+++ DATA UNDER STUDY +++

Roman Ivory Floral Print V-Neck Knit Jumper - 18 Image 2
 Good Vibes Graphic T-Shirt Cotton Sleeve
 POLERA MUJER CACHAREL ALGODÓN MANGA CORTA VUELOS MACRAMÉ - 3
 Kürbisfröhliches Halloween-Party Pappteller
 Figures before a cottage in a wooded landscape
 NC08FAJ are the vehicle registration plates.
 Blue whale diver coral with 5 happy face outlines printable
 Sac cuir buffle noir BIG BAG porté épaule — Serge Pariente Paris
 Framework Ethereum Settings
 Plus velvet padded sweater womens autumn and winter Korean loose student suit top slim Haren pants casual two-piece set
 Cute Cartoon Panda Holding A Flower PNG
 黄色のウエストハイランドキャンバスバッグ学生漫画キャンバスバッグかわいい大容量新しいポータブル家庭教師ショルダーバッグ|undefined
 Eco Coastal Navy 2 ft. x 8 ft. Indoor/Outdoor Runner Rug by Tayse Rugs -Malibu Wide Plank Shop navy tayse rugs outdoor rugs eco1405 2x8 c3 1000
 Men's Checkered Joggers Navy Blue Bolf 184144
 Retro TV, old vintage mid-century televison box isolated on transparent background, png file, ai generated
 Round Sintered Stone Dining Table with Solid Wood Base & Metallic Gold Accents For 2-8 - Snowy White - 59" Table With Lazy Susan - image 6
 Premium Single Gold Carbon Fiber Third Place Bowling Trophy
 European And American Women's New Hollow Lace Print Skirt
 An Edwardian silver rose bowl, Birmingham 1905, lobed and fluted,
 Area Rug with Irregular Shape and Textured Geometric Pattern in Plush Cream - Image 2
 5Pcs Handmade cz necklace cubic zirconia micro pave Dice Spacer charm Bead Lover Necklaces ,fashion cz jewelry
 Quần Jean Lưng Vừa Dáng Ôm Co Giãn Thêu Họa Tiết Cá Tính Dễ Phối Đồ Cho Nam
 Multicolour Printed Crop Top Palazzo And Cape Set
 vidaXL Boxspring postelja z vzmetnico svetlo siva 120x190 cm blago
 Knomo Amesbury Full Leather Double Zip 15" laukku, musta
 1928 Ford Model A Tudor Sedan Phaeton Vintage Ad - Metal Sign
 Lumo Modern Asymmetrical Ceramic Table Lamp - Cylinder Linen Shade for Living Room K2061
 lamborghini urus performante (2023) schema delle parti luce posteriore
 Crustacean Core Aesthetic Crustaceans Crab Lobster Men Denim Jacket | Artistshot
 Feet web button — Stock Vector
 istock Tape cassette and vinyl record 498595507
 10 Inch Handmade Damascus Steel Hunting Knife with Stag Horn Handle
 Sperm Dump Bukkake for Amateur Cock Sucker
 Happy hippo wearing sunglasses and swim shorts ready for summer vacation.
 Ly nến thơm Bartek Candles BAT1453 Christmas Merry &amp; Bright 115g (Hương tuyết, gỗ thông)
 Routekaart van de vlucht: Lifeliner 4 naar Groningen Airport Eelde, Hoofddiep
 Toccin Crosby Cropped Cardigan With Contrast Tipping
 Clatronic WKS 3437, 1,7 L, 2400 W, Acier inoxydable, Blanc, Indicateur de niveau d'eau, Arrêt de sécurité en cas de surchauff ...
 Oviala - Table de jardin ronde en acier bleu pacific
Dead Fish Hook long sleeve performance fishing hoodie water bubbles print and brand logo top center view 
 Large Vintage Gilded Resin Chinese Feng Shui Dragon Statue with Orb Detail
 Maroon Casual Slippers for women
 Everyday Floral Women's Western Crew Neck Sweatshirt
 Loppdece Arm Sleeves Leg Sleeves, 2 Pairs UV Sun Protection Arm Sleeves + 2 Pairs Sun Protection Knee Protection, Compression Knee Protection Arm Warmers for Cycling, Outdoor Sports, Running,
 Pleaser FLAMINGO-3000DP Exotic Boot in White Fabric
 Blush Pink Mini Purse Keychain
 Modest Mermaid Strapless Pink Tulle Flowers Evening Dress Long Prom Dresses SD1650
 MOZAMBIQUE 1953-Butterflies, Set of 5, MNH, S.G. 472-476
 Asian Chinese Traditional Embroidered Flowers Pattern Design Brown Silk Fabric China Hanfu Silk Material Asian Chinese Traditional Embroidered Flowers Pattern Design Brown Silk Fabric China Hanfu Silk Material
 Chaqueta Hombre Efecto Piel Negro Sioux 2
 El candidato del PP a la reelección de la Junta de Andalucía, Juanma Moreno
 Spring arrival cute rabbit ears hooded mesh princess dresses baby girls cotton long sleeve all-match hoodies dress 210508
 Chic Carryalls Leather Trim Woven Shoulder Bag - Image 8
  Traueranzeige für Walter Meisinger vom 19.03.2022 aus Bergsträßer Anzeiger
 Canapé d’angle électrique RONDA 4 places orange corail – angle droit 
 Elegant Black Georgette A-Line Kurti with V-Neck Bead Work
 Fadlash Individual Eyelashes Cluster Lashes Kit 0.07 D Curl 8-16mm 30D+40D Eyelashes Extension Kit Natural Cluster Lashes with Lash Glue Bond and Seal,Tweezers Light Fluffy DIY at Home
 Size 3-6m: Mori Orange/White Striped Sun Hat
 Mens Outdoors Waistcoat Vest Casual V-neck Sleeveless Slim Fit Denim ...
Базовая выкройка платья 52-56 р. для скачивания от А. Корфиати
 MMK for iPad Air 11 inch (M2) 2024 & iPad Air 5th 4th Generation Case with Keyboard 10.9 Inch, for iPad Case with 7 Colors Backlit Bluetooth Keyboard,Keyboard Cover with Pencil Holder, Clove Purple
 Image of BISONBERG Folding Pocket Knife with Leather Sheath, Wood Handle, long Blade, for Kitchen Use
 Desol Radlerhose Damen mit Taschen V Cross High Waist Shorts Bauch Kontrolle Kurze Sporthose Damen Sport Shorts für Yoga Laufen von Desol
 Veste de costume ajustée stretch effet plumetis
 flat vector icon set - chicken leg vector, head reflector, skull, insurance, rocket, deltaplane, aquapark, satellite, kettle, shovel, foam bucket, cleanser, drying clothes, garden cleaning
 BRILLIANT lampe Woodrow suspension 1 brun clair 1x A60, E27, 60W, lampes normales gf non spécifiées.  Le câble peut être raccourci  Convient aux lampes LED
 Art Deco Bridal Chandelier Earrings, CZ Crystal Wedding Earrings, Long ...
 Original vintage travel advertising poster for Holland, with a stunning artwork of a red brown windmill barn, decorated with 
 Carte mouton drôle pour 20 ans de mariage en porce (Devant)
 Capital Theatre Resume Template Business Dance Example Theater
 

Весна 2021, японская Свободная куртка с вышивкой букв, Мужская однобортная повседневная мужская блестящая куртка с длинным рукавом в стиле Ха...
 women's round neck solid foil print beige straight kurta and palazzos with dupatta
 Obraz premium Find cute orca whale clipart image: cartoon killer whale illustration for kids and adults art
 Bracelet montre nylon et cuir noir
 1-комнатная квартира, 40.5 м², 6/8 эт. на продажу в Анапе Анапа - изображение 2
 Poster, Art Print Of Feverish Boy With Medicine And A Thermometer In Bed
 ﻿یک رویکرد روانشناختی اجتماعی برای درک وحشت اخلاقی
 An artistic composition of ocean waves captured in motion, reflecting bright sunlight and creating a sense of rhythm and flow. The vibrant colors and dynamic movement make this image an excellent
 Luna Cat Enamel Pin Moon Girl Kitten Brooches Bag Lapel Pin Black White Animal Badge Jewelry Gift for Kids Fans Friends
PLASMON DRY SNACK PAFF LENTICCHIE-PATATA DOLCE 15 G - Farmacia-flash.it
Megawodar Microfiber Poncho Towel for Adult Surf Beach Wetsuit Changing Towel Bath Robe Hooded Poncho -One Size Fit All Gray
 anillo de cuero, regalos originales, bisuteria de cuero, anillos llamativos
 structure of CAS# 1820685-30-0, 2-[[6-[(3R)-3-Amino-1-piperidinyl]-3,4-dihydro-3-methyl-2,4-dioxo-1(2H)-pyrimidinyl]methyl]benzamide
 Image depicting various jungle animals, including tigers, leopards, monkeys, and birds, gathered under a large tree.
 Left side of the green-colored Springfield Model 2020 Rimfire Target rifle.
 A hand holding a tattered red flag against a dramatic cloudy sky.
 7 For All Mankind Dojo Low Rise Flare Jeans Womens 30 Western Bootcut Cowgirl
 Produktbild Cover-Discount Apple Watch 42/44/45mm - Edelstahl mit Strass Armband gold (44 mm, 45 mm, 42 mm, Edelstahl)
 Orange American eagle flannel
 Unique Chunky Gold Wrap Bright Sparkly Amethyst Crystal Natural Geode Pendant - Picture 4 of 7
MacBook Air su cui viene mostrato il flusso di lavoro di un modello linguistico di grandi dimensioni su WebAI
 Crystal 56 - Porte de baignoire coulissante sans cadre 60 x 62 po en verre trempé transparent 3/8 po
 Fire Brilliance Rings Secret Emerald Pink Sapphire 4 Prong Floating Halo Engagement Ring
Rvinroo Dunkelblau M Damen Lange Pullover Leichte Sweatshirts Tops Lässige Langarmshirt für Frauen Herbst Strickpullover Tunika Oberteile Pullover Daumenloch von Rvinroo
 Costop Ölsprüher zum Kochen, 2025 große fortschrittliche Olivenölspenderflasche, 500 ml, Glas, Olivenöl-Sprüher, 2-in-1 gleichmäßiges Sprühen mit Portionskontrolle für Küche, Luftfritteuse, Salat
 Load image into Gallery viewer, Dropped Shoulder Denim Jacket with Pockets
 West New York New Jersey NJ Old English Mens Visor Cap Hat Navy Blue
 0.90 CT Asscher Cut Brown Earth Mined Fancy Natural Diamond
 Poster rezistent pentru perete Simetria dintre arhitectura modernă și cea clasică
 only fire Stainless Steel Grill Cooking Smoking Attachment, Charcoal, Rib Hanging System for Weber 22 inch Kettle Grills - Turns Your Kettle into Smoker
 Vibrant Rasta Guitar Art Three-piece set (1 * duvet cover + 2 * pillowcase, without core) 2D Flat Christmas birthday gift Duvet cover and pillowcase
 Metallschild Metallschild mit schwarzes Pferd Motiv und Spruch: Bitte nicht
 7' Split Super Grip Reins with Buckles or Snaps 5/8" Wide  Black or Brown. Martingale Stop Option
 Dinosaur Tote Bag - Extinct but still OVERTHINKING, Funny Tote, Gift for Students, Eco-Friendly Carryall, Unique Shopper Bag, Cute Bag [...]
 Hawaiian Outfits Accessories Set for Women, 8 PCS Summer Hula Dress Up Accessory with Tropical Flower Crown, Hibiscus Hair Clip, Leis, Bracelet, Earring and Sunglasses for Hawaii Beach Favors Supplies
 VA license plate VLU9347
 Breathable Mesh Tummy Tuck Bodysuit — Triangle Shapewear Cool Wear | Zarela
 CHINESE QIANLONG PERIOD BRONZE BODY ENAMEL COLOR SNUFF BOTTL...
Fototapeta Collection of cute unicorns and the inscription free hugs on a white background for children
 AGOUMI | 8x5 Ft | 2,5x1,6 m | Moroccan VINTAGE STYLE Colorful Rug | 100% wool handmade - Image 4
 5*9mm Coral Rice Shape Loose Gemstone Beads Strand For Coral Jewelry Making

+++

■ TASK DETAILS
Your task is to find every line above containing the word "Jacket" and copy it.

■ TASK SOLUTION
 Crustacean Core Aesthetic Crustaceans Crab Lobster Men Denim Jacket | Artistshot
 Load image into Gallery viewer, Dropped Shoulder Denim Jacket with Pockets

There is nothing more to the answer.